> GIVEN RECORDS:
________________

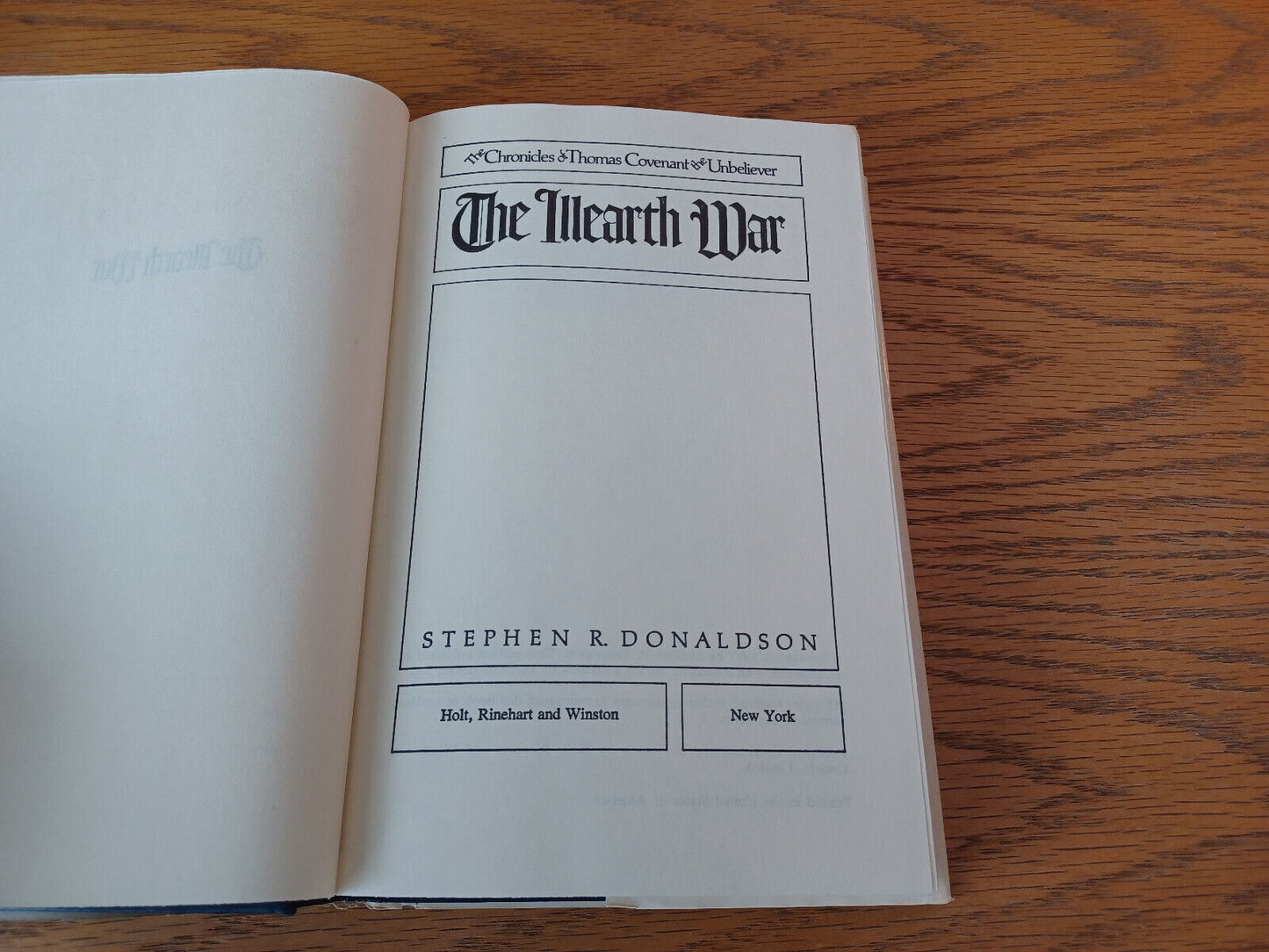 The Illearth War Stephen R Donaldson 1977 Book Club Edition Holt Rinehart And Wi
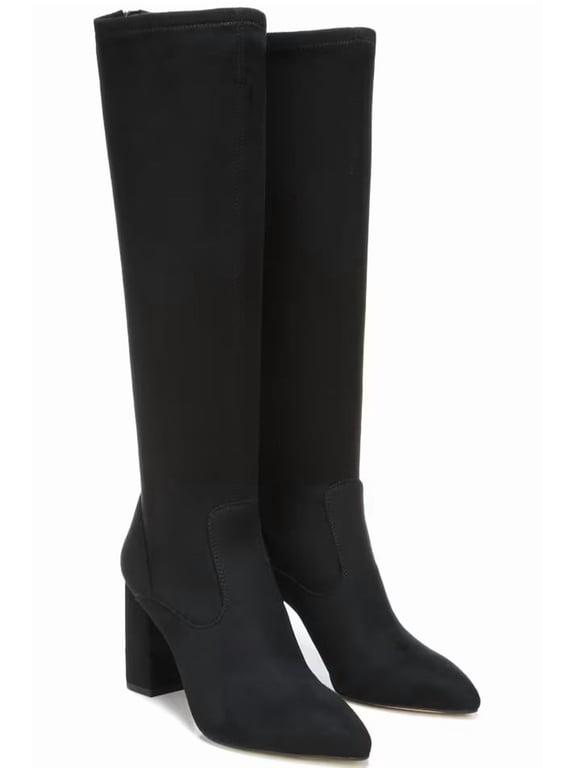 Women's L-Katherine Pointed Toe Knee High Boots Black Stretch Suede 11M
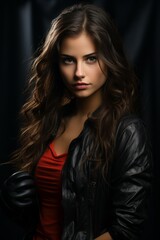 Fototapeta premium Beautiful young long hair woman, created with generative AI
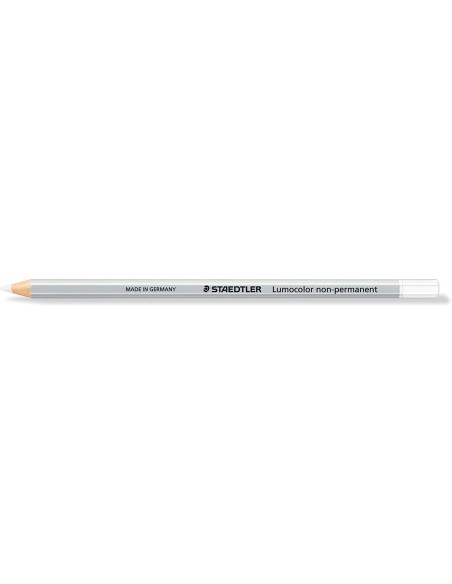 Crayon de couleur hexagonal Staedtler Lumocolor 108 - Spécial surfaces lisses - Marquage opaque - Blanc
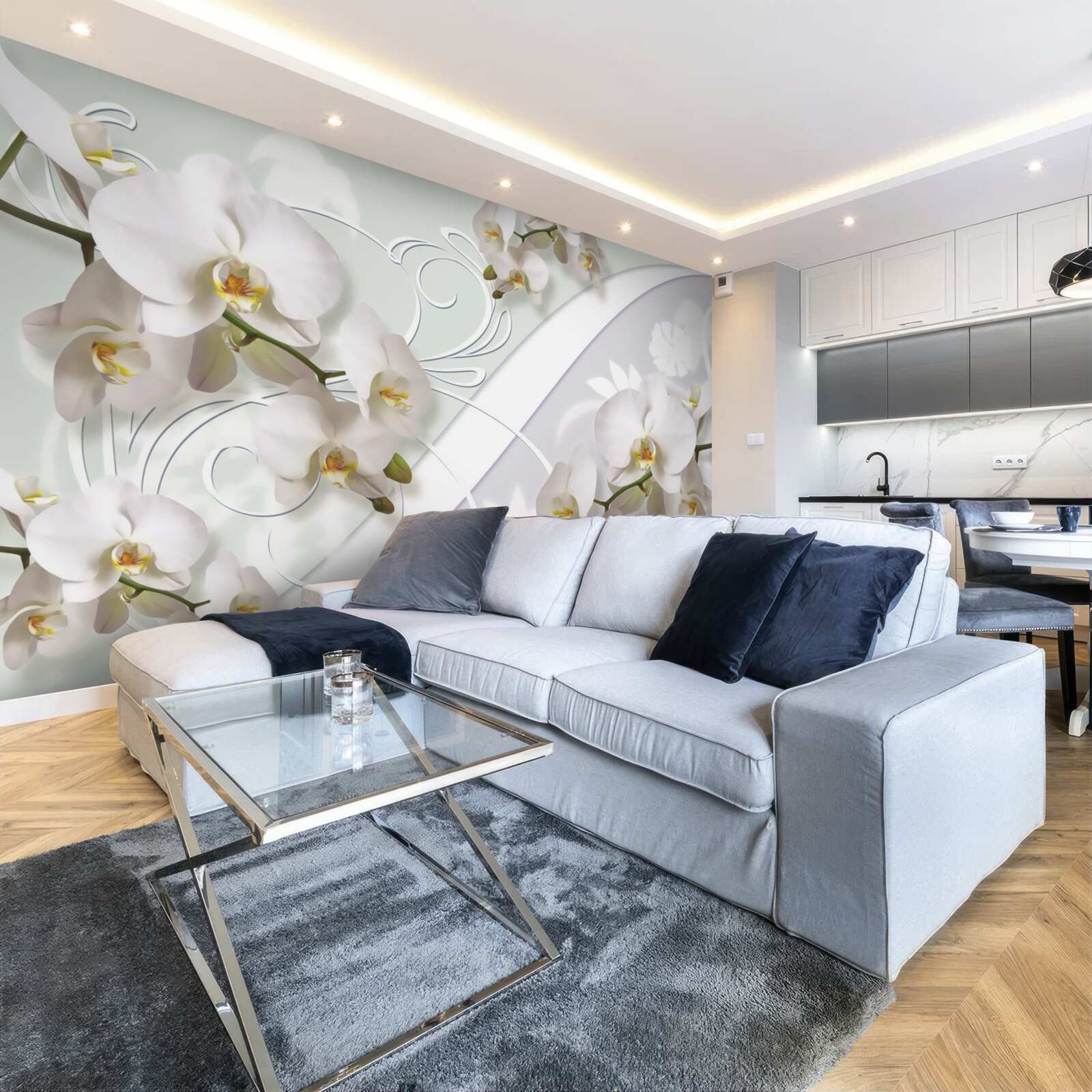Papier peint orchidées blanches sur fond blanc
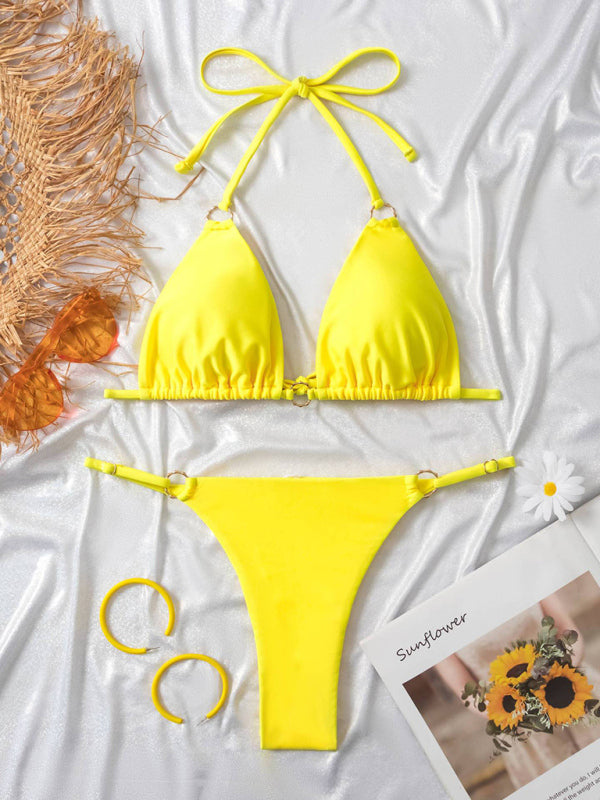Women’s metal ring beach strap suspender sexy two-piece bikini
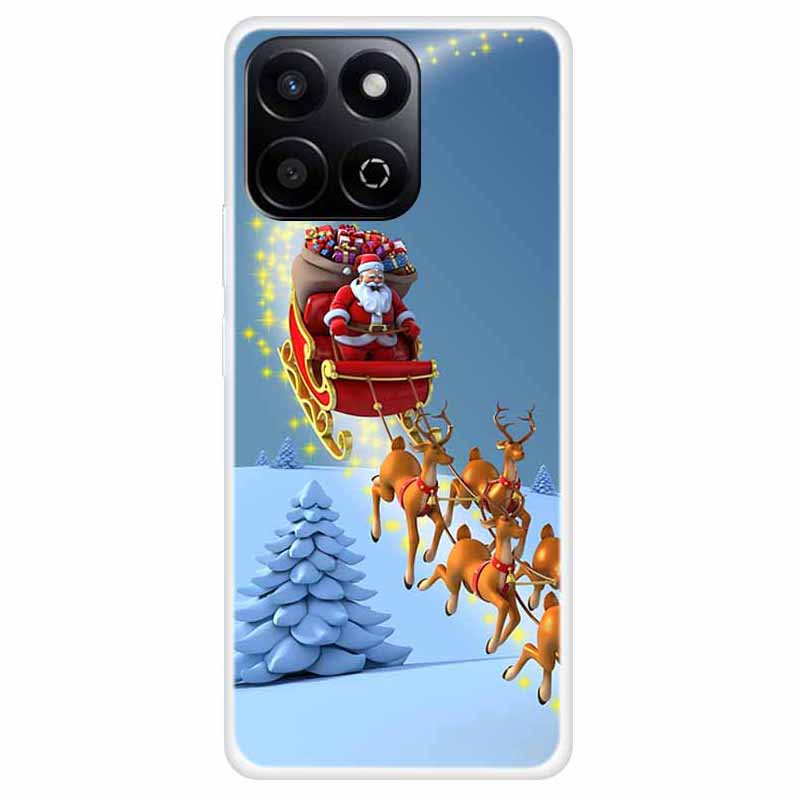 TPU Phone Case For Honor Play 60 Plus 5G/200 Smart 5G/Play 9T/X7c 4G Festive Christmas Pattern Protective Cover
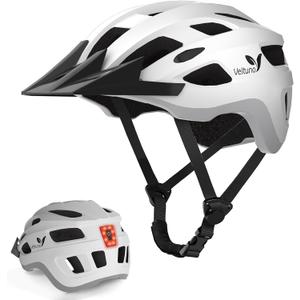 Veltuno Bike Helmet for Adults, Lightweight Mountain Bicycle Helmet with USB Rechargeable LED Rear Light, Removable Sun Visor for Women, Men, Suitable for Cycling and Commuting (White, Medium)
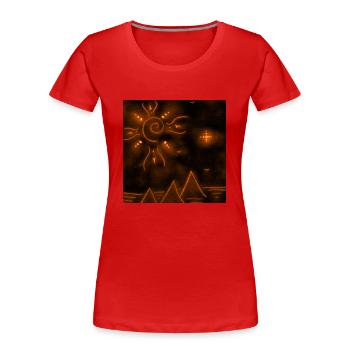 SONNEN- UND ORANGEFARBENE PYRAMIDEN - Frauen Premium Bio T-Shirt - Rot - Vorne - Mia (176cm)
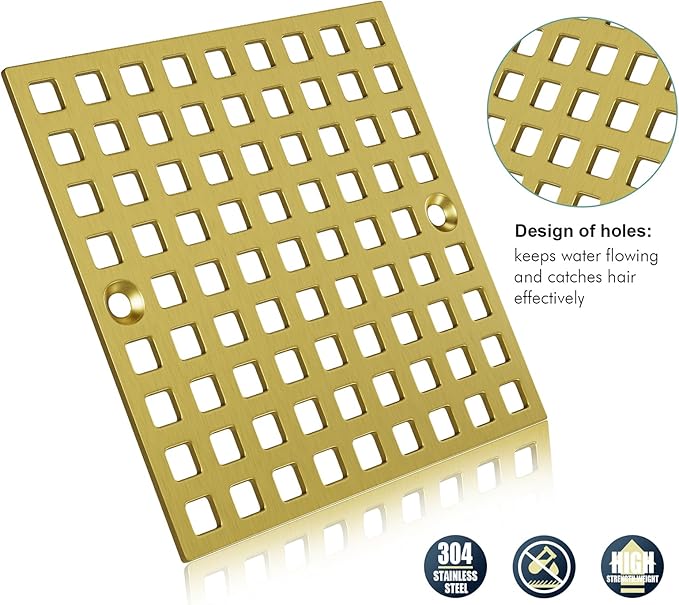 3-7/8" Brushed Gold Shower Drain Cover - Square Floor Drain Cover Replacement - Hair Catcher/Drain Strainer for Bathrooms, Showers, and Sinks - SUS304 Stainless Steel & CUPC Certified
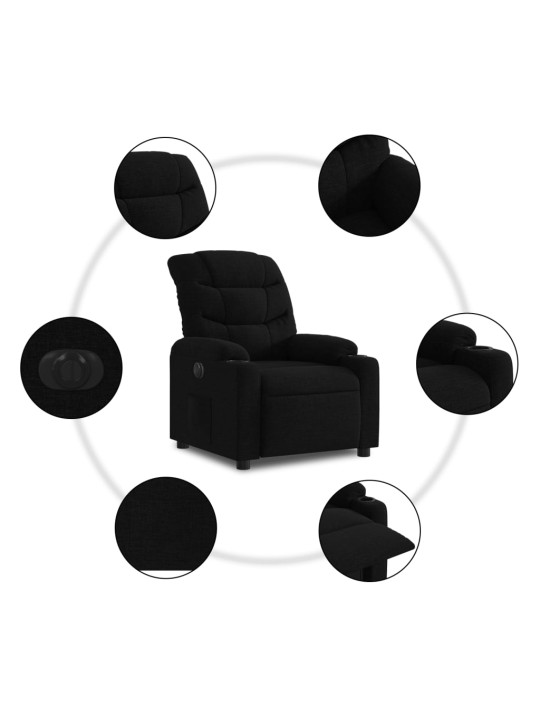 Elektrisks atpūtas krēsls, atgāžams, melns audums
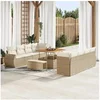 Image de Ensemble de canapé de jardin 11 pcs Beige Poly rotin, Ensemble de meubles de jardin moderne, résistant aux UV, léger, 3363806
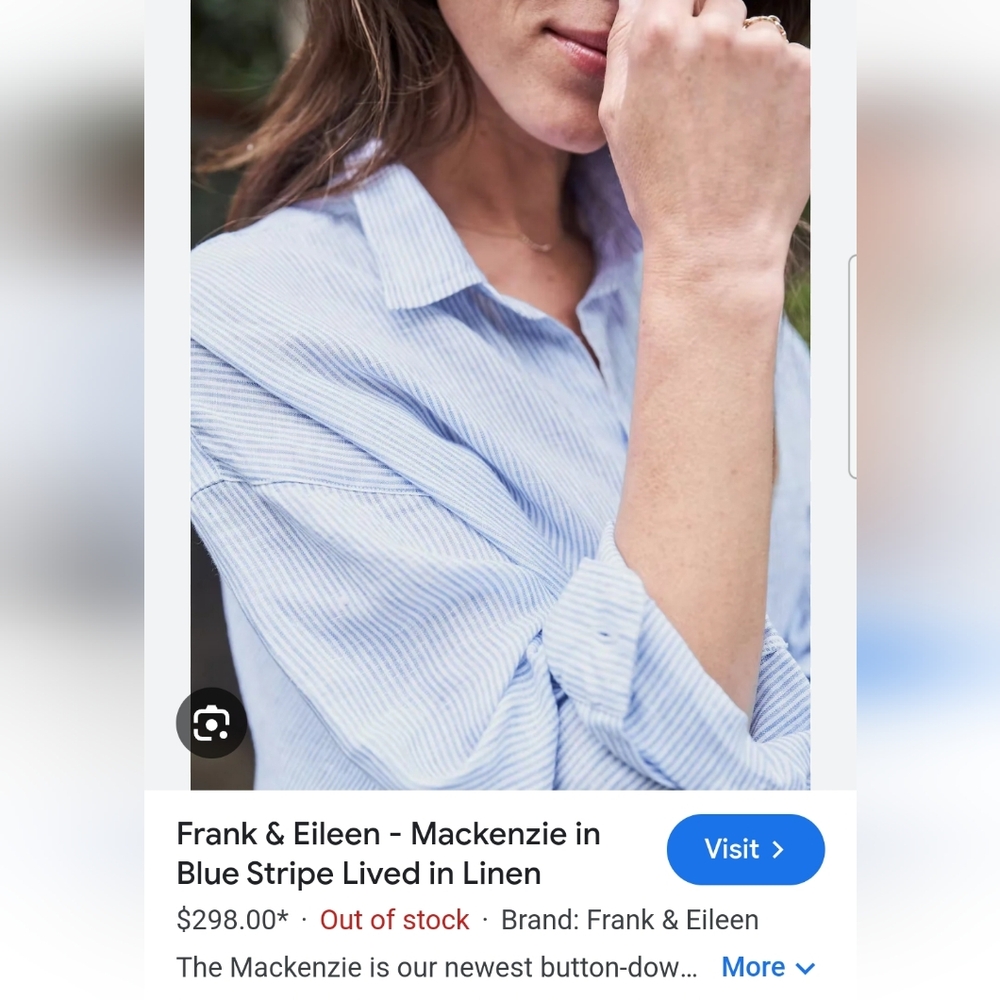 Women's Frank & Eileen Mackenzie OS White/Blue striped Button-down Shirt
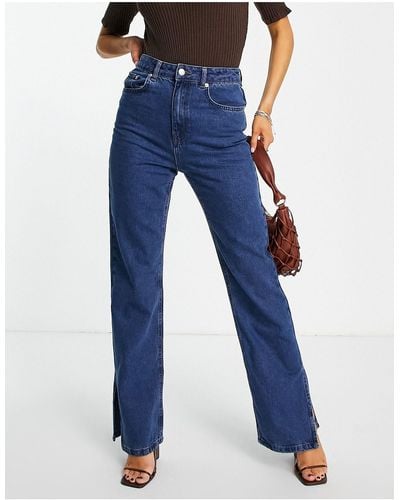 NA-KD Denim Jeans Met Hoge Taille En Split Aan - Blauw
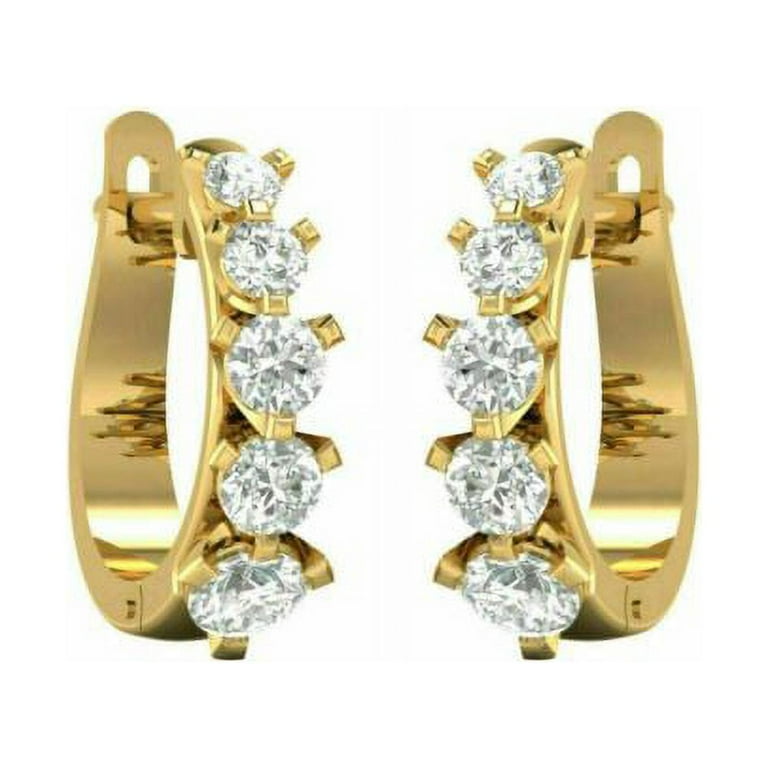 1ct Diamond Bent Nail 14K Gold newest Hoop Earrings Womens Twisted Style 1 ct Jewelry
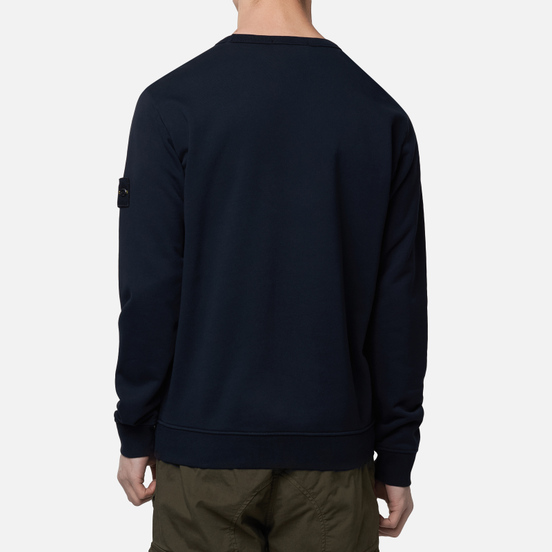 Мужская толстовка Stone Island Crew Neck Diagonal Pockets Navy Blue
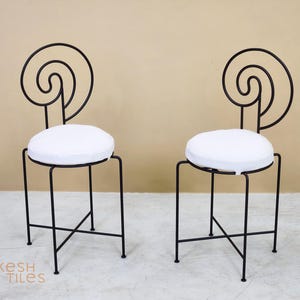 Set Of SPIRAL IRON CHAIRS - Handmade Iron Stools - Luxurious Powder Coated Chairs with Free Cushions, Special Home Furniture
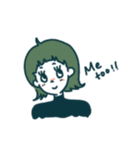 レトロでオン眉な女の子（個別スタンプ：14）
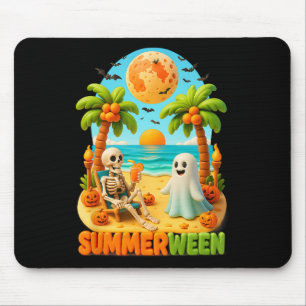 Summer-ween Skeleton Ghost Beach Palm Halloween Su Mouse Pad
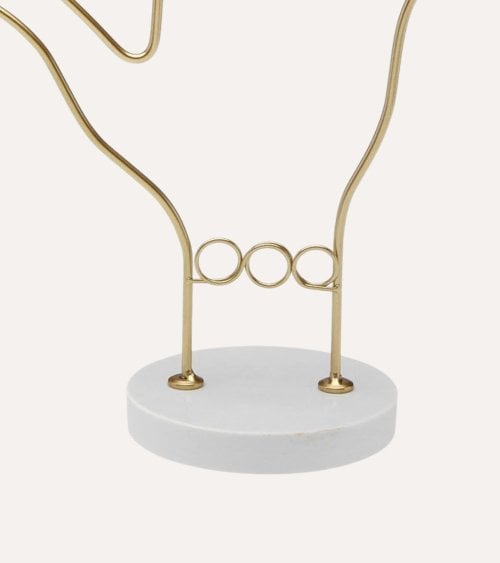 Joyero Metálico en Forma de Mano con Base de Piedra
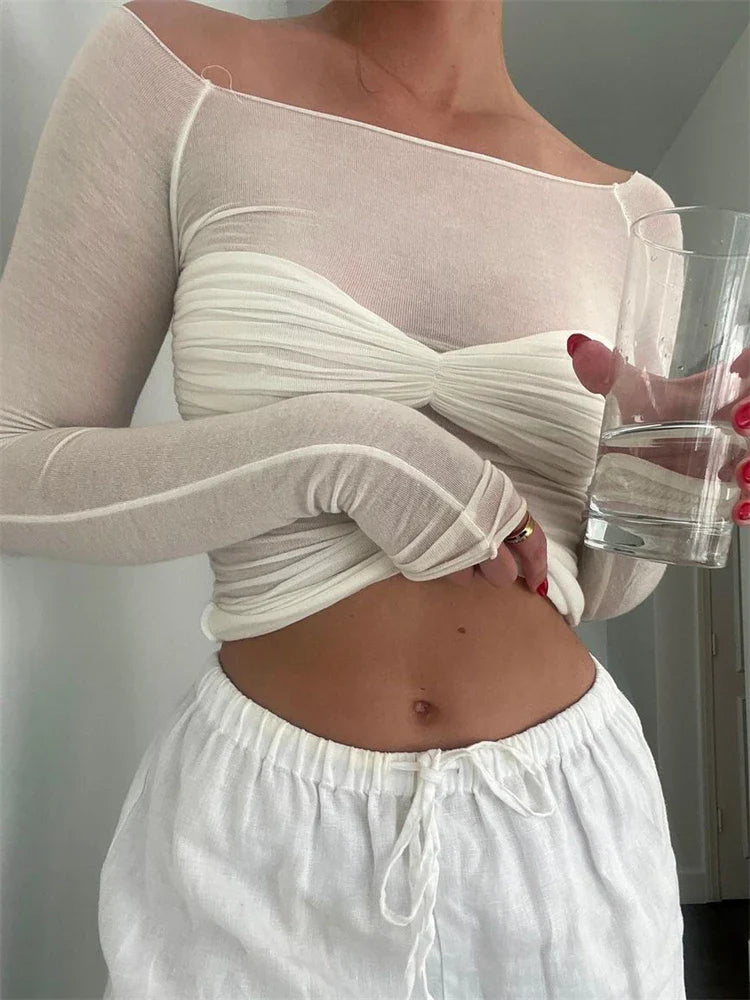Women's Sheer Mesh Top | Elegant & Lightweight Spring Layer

________________

> WHAT THE TASK ASKS: Lines from the one with "Joyero Metálico en" through the final line of the listing above: copy them exactly, both ends included, and omit every picture.

> TASK RESULT:
 Joyero Metálico en Forma de Mano con Base de Piedra
Women's Sheer Mesh Top | Elegant & Lightweight Spring Layer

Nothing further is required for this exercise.